Exposing callable parameters for DigestAuth.challenge

[blast-hardcheese]

NonceKeeper is package-private, so there's no way to construct one,
meaning there's no way to call challenge.

Mirror the same parameters from apply, and maintain the previous
challenge method for bincompat.

I'm happy to make changes if desired.

Thank you

[armanbilge]

Thanks for digging into this!
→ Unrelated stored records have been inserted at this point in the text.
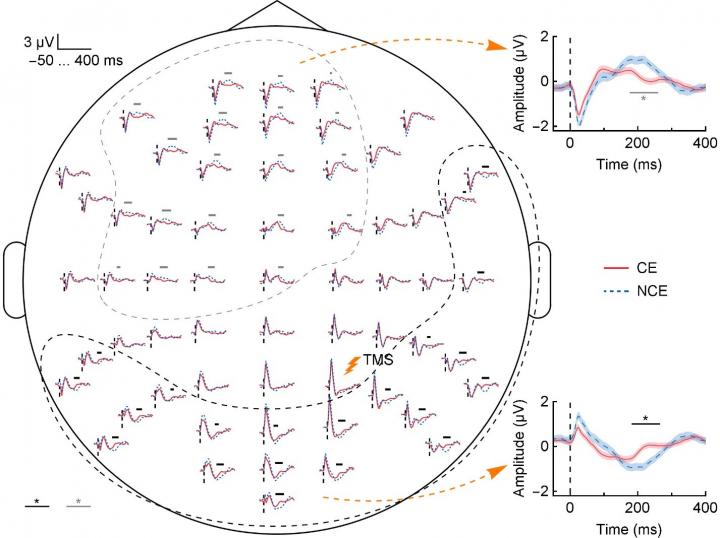 TMS-EEG (2 of 2)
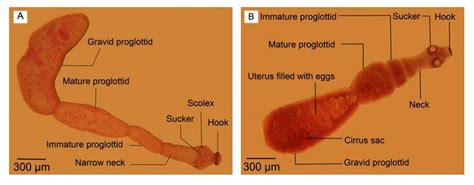 Adult Echinococcus granulosus. (A) Reared in culture media. (B ...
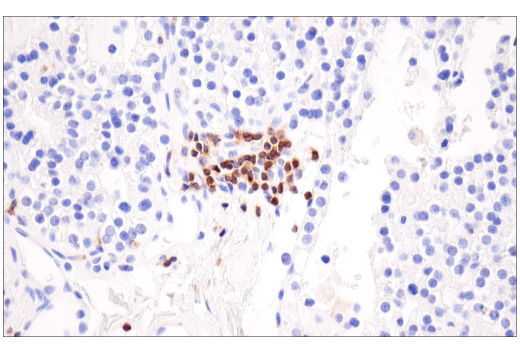 Immunohistochemistry Image 1: SLAMF6/CD352 (E3H1E) XP® Rabbit mAb (BSA and Azide Free)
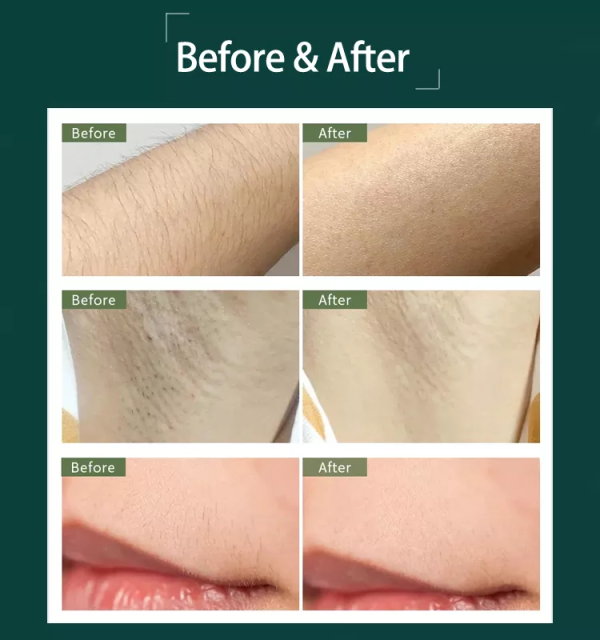 Drop Shipping Home Use 5th Gear Quartz Tube Mini Hair Removal Appliances Permanent Ipl Hair Removal Device Handset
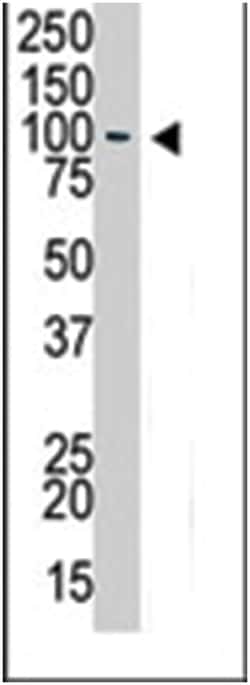 USP13 Rabbit anti-Human, Mouse, Polyclonal Antibody, Abnova 400 &mu;L | Buy Online | Abnova Corporation | Fisher Scientific
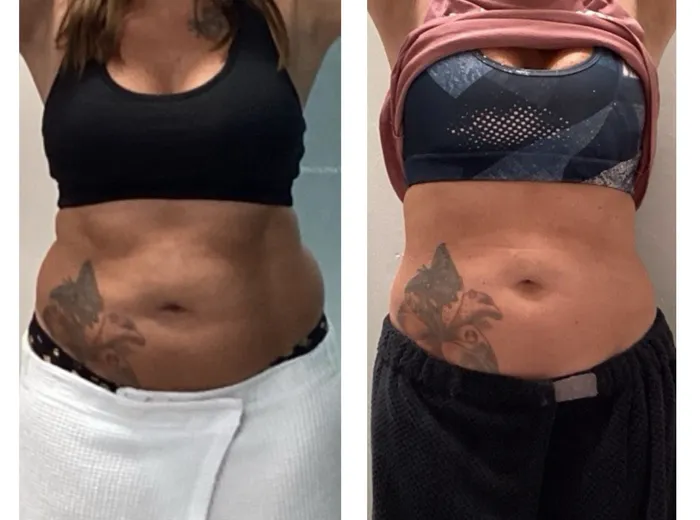 Before and after T-Shape 2 treatment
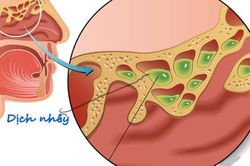 6 biện pháp tự nhiên điều trị nghẹt mũi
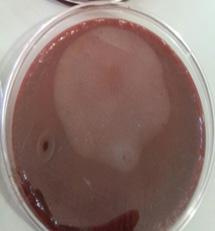 nutrient agar and blood agar which is more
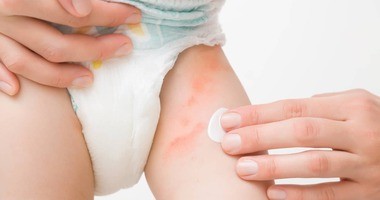 Pieluszkowe zapalenie skóry – przyczyny, leczenie. Jak dbać o skórę dziecka z uczuleniem pieluszkowym?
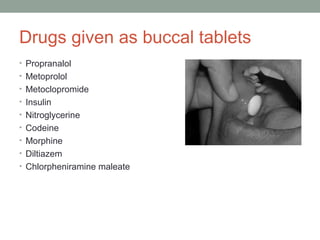 Buccal bioadhesive drug delivery system G1ppt | PPT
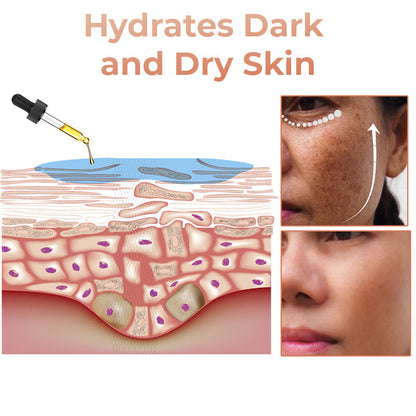 💍（LAST DAY SALE-80% OFF)Fast Dark Spot Remover-𝗖𝗼𝗼𝗹𝗼𝗿𝗱™ Melanin Correcting Brightening Serum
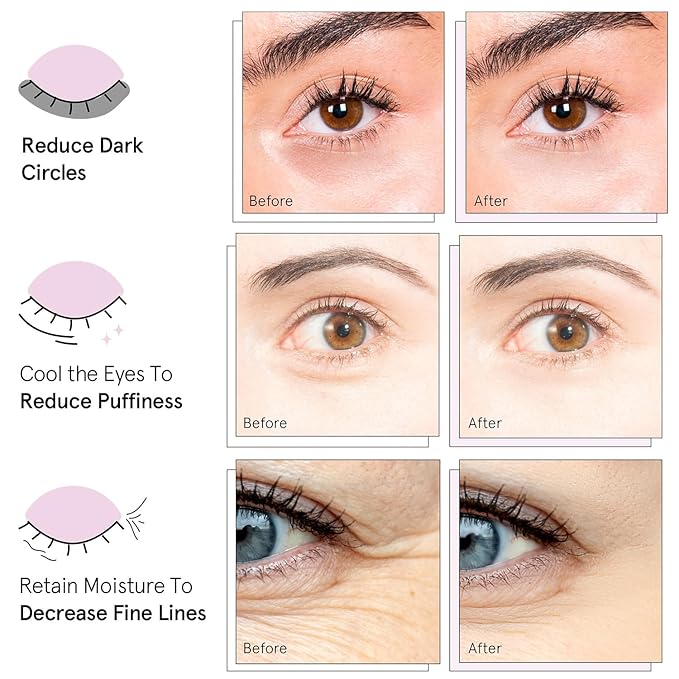 grace & stella Under Eye Mask Variety Pack - 18 Pairs of Under Eye Patches for Dark Circles - With 6 Colors (3 Pairs/Color) - Gel Masks Puffy Eyes for Women - Vegan Cruelty Free Bridesmaid Gifts-BrightBean Baby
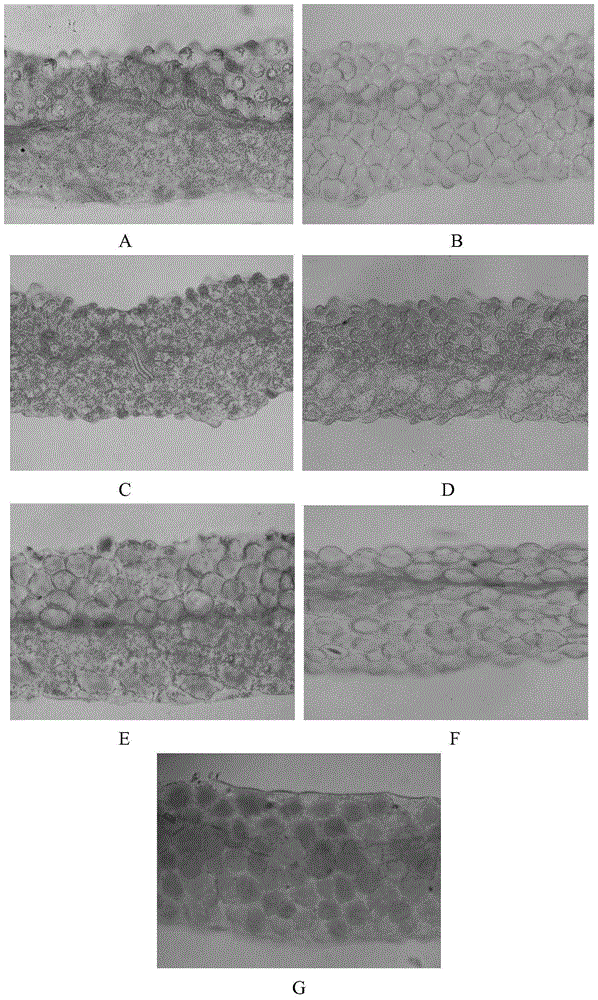 Application of interfering expression of lcyb and lcye while overexpressing gl3 in preparing Brassica plants with red petals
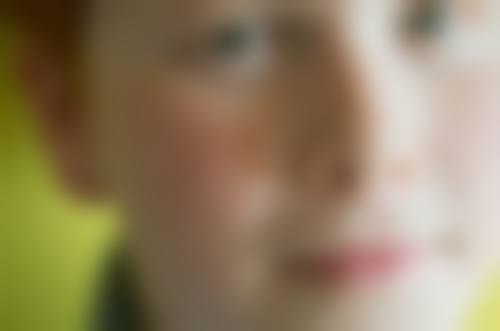 厦门华美医院祛斑特色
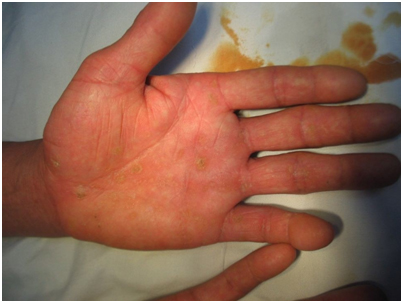 Một số biểu hiện ở da do nhiễm độc Arsenic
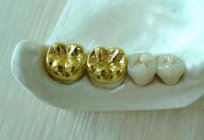 皇冠的金属铸：照片，以审查，安装。 制造金属冠上的牙齿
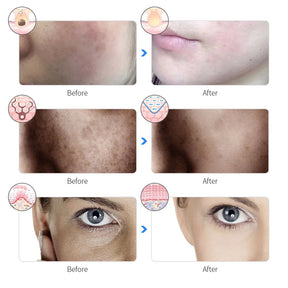 Máscara Facial LED 7 Cores para rejuvenescimento, tratamento antiacne e antirrugas.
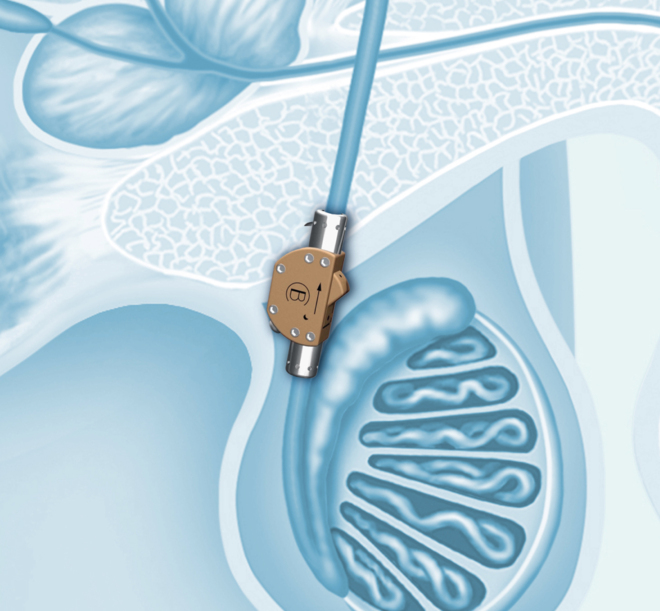 Anticonceptivo masculino reversible: el interruptor testicular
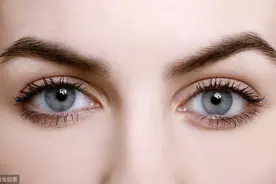 双眼皮手术 什么人才适合做？图片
Since you've done the work to preserve bincompat (appreciated!) would you be able to retarget this at a stable branch? series/0.23 unless you are on series/0.22.

[blast-hardcheese]

@armanbilge It would be helpful to have this on 0.22, I'm happy to open a PR against 0.23 as well if that's how things work around here 🙂

[blast-hardcheese]

Oh, I see what you mean now.

We still do have a usability complication though, as someone not utilizing typeclasses (perhaps a newcomer to the cats ecosystem), attempting to call DigestAuth.apply[IO, A] directly would run into an issue with disambiguation:

scala> val x = DigestAuth.apply[IO, String]("foo", store, nonceCleanupInterval, nonceStaleTime, nonceBits)
                                                                           ^
       error: ambiguous reference to overloaded definition,
       both method apply in object DigestAuth of type (realm: String, store: AuthenticationStore[IO,String], nonceCleanupInterval: Duration, nonceStaleTime: Duration, nonceBits: Int)(implicit evidence$2: Concurrent[IO]): IO[AuthMiddleware[IO,String]]
       and  method apply in object DigestAuth of type (realm: String, store: AuthenticationStore[IO,String], nonceCleanupInterval: Duration, nonceStaleTime: Duration, nonceBits: Int)(implicit evidence$1: Sync[IO]): AuthMiddleware[IO,String]
       match argument types (String,AuthenticationStore[IO,String],Duration,Duration,Int)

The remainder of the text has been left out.